======== RECORDS TO PROCESS ========

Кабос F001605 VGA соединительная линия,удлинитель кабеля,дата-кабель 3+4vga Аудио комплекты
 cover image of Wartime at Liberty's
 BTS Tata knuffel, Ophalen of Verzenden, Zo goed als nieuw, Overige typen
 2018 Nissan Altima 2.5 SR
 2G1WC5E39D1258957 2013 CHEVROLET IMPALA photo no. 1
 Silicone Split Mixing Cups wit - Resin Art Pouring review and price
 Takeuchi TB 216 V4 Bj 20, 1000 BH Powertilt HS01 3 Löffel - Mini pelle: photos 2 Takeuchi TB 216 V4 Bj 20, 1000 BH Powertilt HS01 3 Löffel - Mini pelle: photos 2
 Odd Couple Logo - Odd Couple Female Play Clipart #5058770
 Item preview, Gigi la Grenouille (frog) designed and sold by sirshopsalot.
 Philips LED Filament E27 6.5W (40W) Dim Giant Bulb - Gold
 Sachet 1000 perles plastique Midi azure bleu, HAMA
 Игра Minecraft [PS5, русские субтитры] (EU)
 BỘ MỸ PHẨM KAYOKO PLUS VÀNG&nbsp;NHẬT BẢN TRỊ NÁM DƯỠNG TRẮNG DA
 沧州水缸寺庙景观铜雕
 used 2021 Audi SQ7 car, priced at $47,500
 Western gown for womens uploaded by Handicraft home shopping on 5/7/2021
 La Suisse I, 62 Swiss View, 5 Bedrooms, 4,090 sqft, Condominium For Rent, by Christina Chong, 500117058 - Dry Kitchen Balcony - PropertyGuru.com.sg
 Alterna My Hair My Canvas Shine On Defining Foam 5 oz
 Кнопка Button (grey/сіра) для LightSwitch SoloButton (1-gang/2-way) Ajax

========

- TO DO -
Would you return each line of the material above, unchanged, from the first one through the line where "photos 2 Takeuchi" appears?

- FINISHED TASK -
Кабос F001605 VGA соединительная линия,удлинитель кабеля,дата-кабель 3+4vga Аудио комплекты
 cover image of Wartime at Liberty's
 BTS Tata knuffel, Ophalen of Verzenden, Zo goed als nieuw, Overige typen
 2018 Nissan Altima 2.5 SR
 2G1WC5E39D1258957 2013 CHEVROLET IMPALA photo no. 1
 Silicone Split Mixing Cups wit - Resin Art Pouring review and price
 Takeuchi TB 216 V4 Bj 20, 1000 BH Powertilt HS01 3 Löffel - Mini pelle: photos 2 Takeuchi TB 216 V4 Bj 20, 1000 BH Powertilt HS01 3 Löffel - Mini pelle: photos 2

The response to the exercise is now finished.